RA-SpMM is the artifact for "Regime-Aware Sparse Matrix Multiplication for Graph Neural Network Workloads on GPUs" (submitted to Future Generation Computer Systems, Elsevier, 2026).

RA-SpMM classifies sparse matrices into six structural categories using three CSR-derivable features (matrix size M, average row density , and degree coefficient of variation CVd) and dispatches each SpMM call to one of six purpose-built, preprocessing-free GPU kernels via an interpretable 8-rule router.

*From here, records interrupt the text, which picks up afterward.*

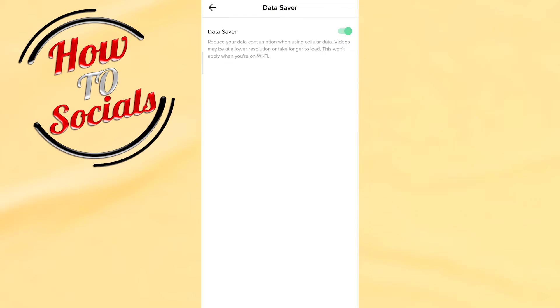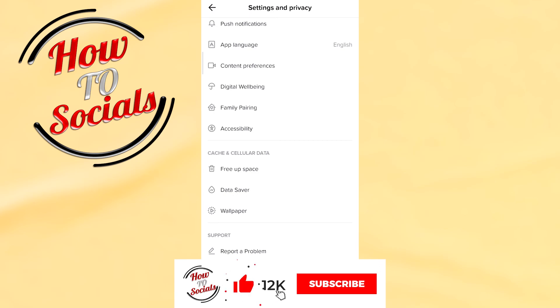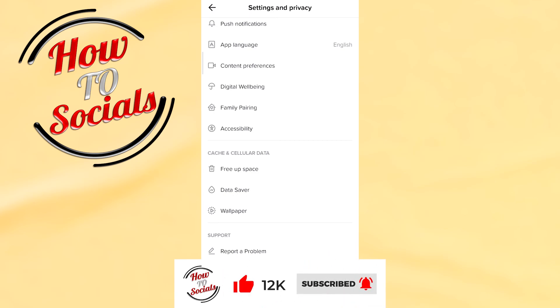When Data Saver is turned on, it reduces your data consumption when using cellular data — videos may be at lower resolution or take longer to load. This won't apply when you're on Wi-Fi. What you need to do is simply click on it and turn it off. Thanks for watching, I hope that helps, and have a nice day!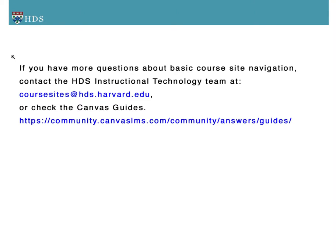If you have more questions about basic course site navigation, contact the HDS Instructional Technology Team at coursesites@hds.harvard.edu or check the Canvas guides.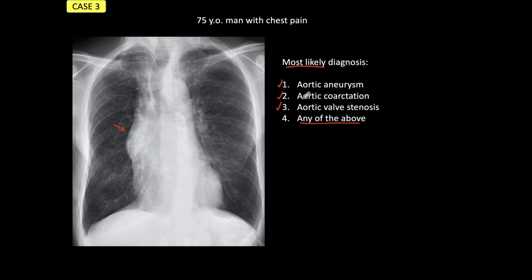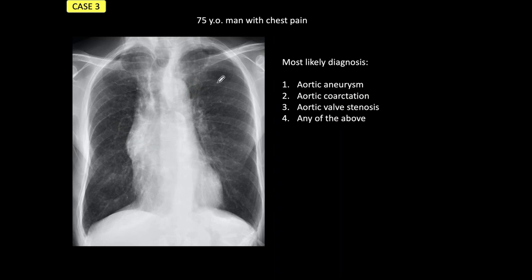Aortic aneurysm is a possibility. Aortic coarctation is excluded because we don't see any abnormality in the aortic arch — no figure of three, no other abnormality, no rib notching. It could be aortic valve stenosis, but if we look carefully, we see a calcification in the periphery of the aorta and a coarse calcification in the inner part of the aorta — indicating the aorta is markedly dilated. So our first diagnosis should be aortic aneurysm.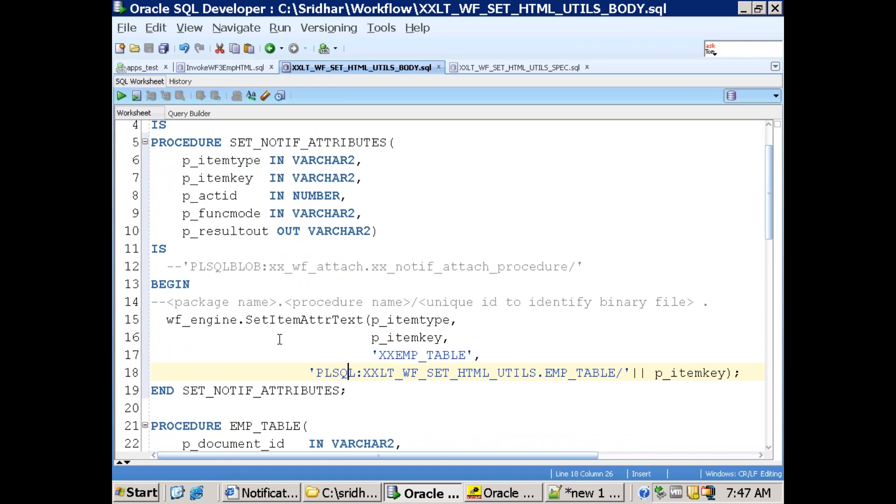HTML is not a binary content and it's kind of a plain text. There's a reason we are using set_item_attribute_text. And in that one we mentioned item type, item key as well as our attribute name.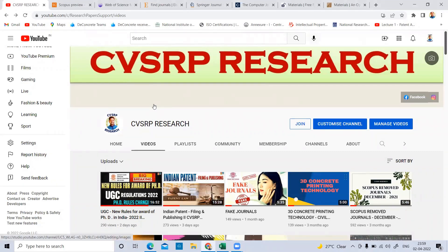Hi viewers, welcome to CVSRP Research YouTube channel. In the last videos we discussed about the filing and publishing of Indian patents, some new rules for award of PhD, journal publications, and related topics. You can check my YouTube channel for those. In this video, I am going to explain how to publish a research paper in Scopus and SCI journals.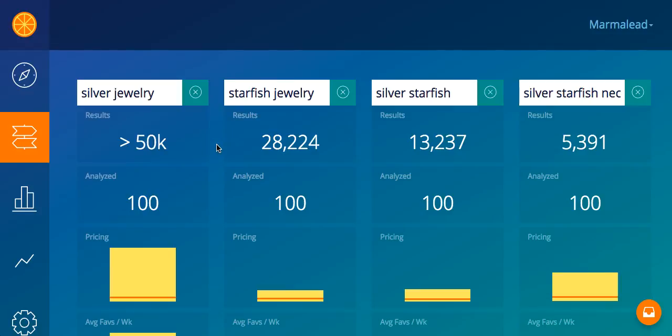I've pre-populated the keyword comparison with four searches already. Over on the left you're going to see silver jewelry. You can see there's over 50,000 results. This is the most the Etsy API that we use for search returns for us, so if you actually go to Etsy.com you're probably going to see there's a lot more results for silver jewelry than that. But what this means to you is that that's a very big market — 50,000 plus, that's your competition. You have to compete with all those shops, all those listings.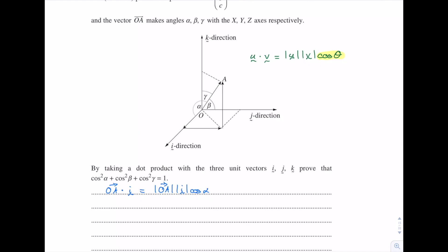Now let's actually work out the dot product of OA and i. The OA vector is ai plus bj plus ck. We dot that with i, which equals the length of OA times the length of i. Since i is a unit vector its length is 1, so we don't need to write that, giving us the length of OA times cos alpha. On the left hand side, taking the dot product by multiplying components: a times 1 is a, b times 0 is 0, c times 0 is 0. So the left hand side is just a, and the right hand side is the length of OA times cos alpha.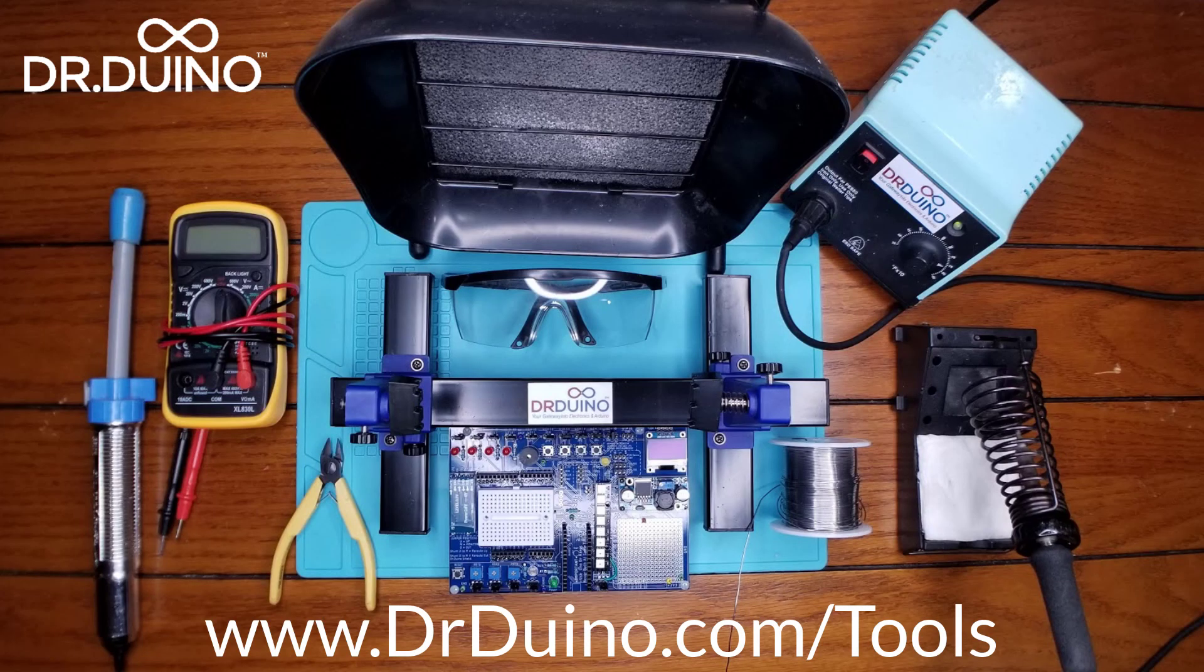For a complete list of tools that you saw in this video, please visit drduino.com/tools.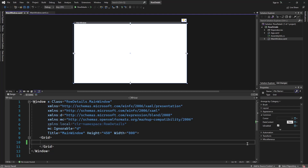Hi guys, welcome to Tactic Devs. In today's video, we'll be looking at how to implement a details pop-up window. The primary function of the pop-up window is to reveal information. So let's say you have some data you want to display inside a data grid, but that data has a large number of fields — name, email, etc. — but you don't want to show all the fields in a single row, so you decide to only show the relevant fields. Then you want to allow the user to double-click a single row to reveal the rest of the information inside a pop-up window.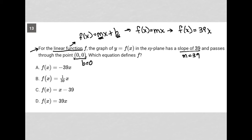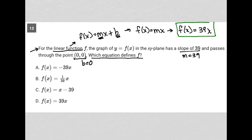The question then asks which equation defines f. We've already identified that equation because we've been translating as we read through the question. So our answer is f of x equals 39x, which is choice D.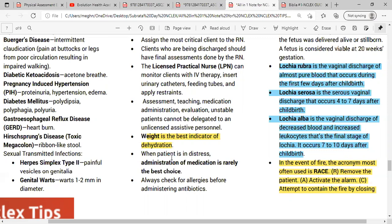When a patient is in distress, oral administration of medication is very uncommon and not the best choice. For example, if a patient has shortness of breath, you do not give anything by mouth. Always check for allergy before administering antibiotics.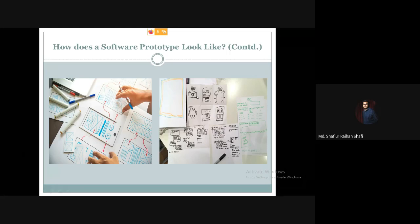We can also add sticky notes to a prototype. Sticky notes are used to represent requirements and show how those requirements will look in the interface.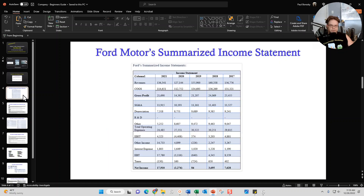The beginner's guide starts with the income statement summary section, which begins with Ford Motor's summarized income statement for the last five years. What I did was go out, collect Ford's 10-Ks for the last five years, take a look at their income statement, summarize it, and put it into my financial model. Here are the findings for the summary of their income statement for the last five years.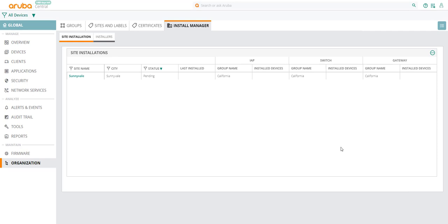Installers are technicians who are assigned the task of visiting a site and install devices. To manage these installers, click on the Installers tab.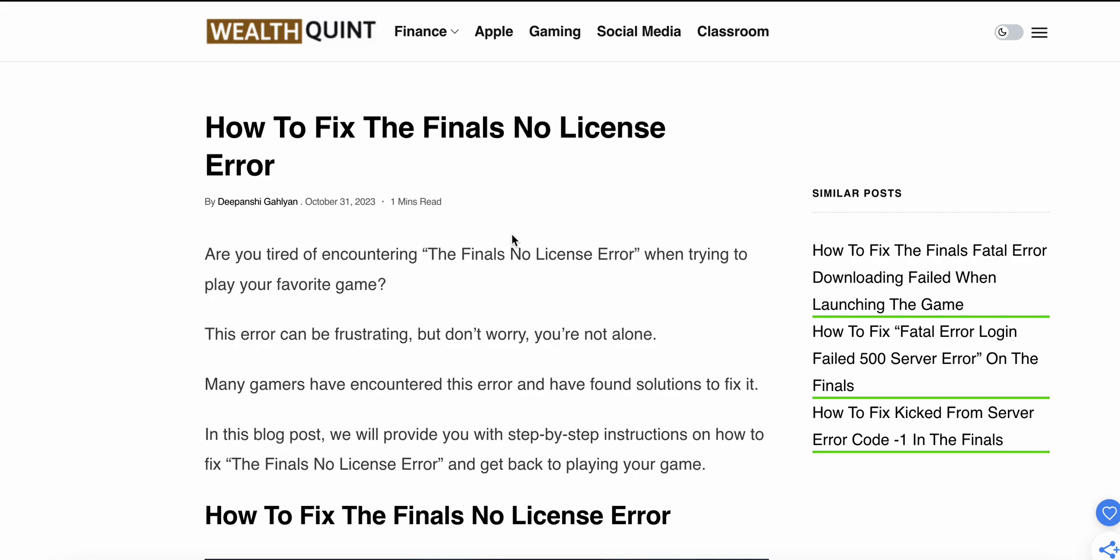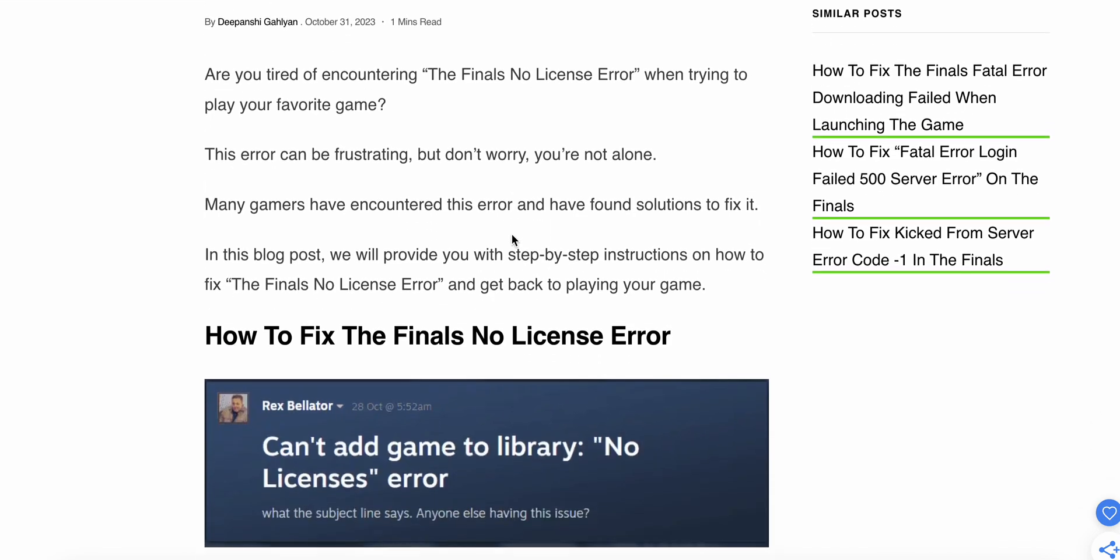Today we'll see how to fix The Finals No License Error. Are you encountering The Finals No License Error when trying to play your favorite game? This error can be frustrating, but don't worry, you're not alone. Many gamers have encountered this error and have found solutions to fix it.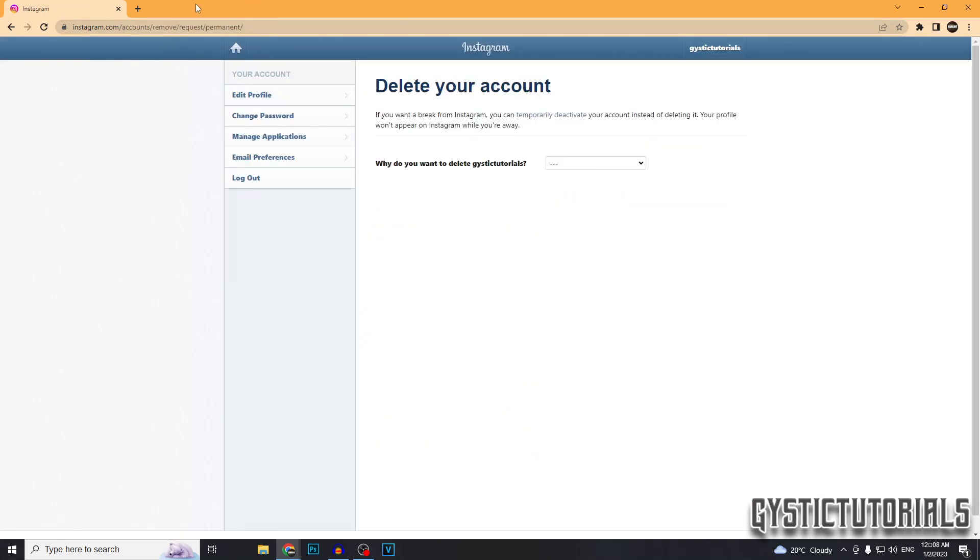Okay, to permanently delete your account, go to the link in the description and click on that. Make sure you're logged in. It's going to take you to this page. Just in case you don't want to click it, the URL is instagram.com/accounts/remove/request/permanent.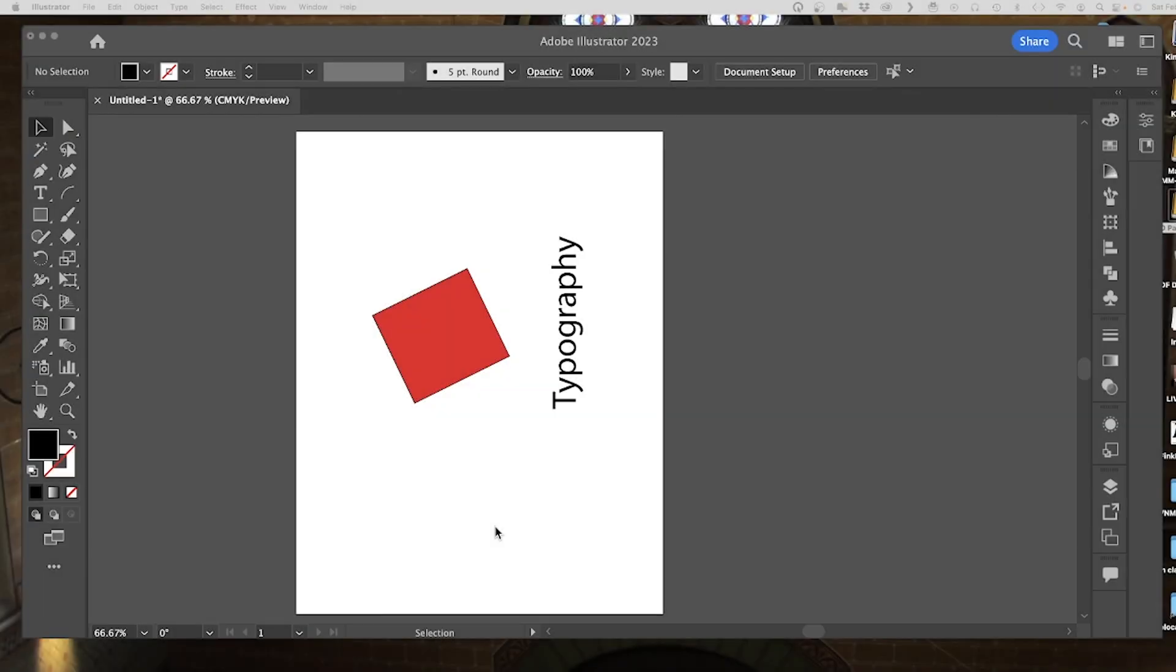Hey everyone, it's Nikolai. Today I'm going to show you two quick and easy ways to rotate your artboard or canvas as some people call it.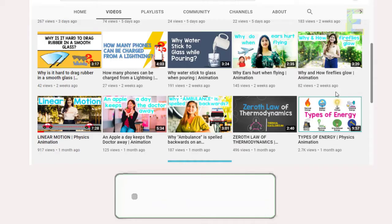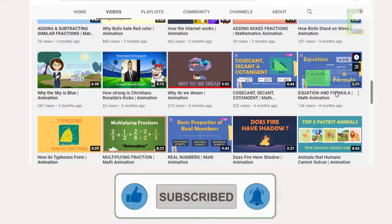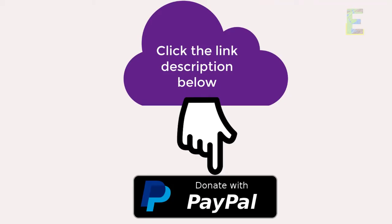But before we begin the discussion, if you would like to encourage us to produce more educational content, please show your support by giving a like to the video and subscribing to our channel. You can also help our team grow with your monetary support through our donation PayPal link located in the description below.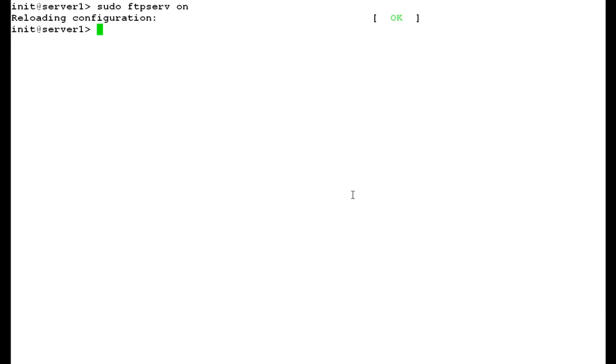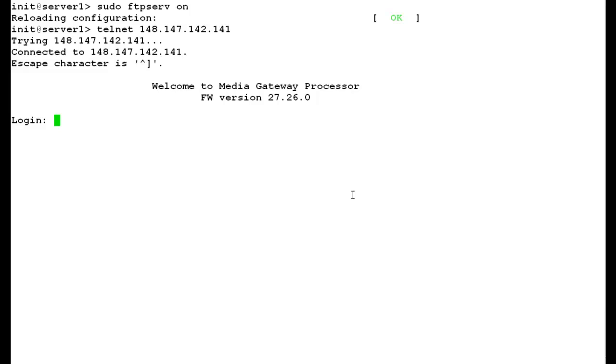Now, telnet to your media gateway by using telnet space followed by the IP address of the media gateway G700. It will prompt you with the login ID and password. Enter your super user ID and password.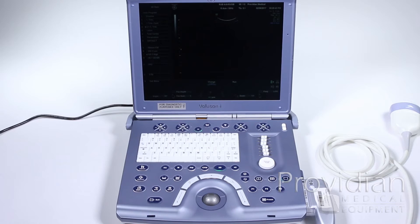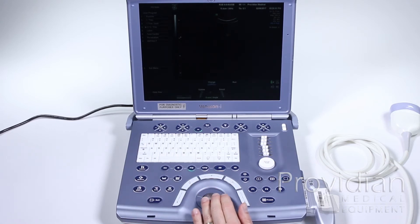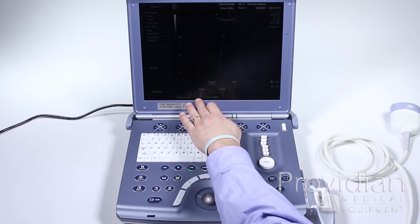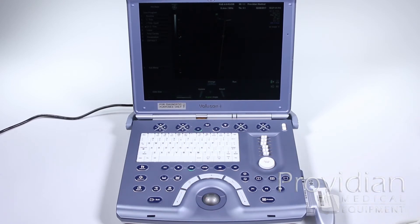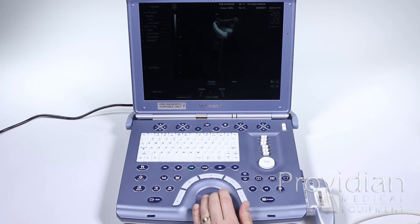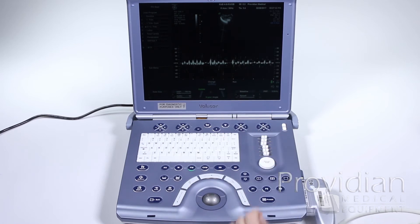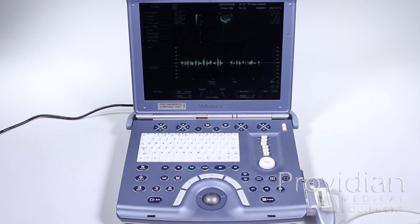Now let's take a look at Doppler. To get Doppler, press the PW button — it will give us our Doppler gate and our Doppler line. We'll position this over the area of the vessel or heart where we want to listen. We have update, which gives us a frozen 2D image and a live spectral Doppler, or simultaneous, which gives a live 2D image and spectral Doppler.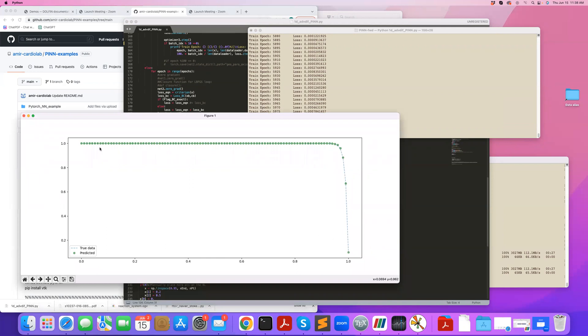I should warn you that if you go for higher and higher Peclet numbers, meaning that this boundary layer becomes sharper and sharper, at some point, you will not be able to really solve this problem, even with a very large neural network.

Python and C++ router implementations are validated to produce identical kernel choices on all 192 evaluation points.

Headline results (RTX 3090, CUDA 12.x)

  • 3.25× geomean speedup over cuSPARSE across 26 real-world graphs (92 evaluation points)
  • 99.0% of oracle performance (Router/Oracle = 0.990× geomean)
  • 91 of 92 real-graph points satisfy the bounded-regret target ≥ 0.85×
  • Plan-phase wall-clock: 10.9 ms mean (vs DTC-SpMM's 38.5 s mean autotuning — a ~3,500× setup-cost reduction)
  • End-to-end GNN training: 2.55× / 1.71× / 1.55× geomean over cuSPARSE on GCN / GraphSAGE / GIN across 8 datasets
  • Cross-SKU validation: 35 of 35 routing decisions transfer identically from RTX 3090 to RTX A6000
  • Synthetic stress-test: combined 192-point suite (26 real + 25 synthetic) holds 0.995× Router/Oracle ratio with 86.5% oracle hit rate

Six-kernel paper portfolio

Kernel Source Strategy
CSR_DIRECT csr/csr_direct.cu Warp-per-row CSR baseline
RODE_ENHANCED csr/ra_rode_enhanced.cu Block-residual decomposition (extends RoDe)
ZERO_OVERHEAD_CSR csr/ra_zero_overhead.cu Degree-binned dispatch
TC_DIRECT tc/ra_tc_direct.cu Single-pass Tensor Core execution, 16×16×16 WMMA
COMMUNITY_TC tc/ra_community_tc.cu Label-propagation clustering + TC tile alignment
SEGMENT_HYBRID tc/ra_segment_hybrid.cu Row-level TC/CUDA partitioning by column-span compactness

Plus cuSPARSE as the vendor baseline (dispatched only when no custom kernel dominates).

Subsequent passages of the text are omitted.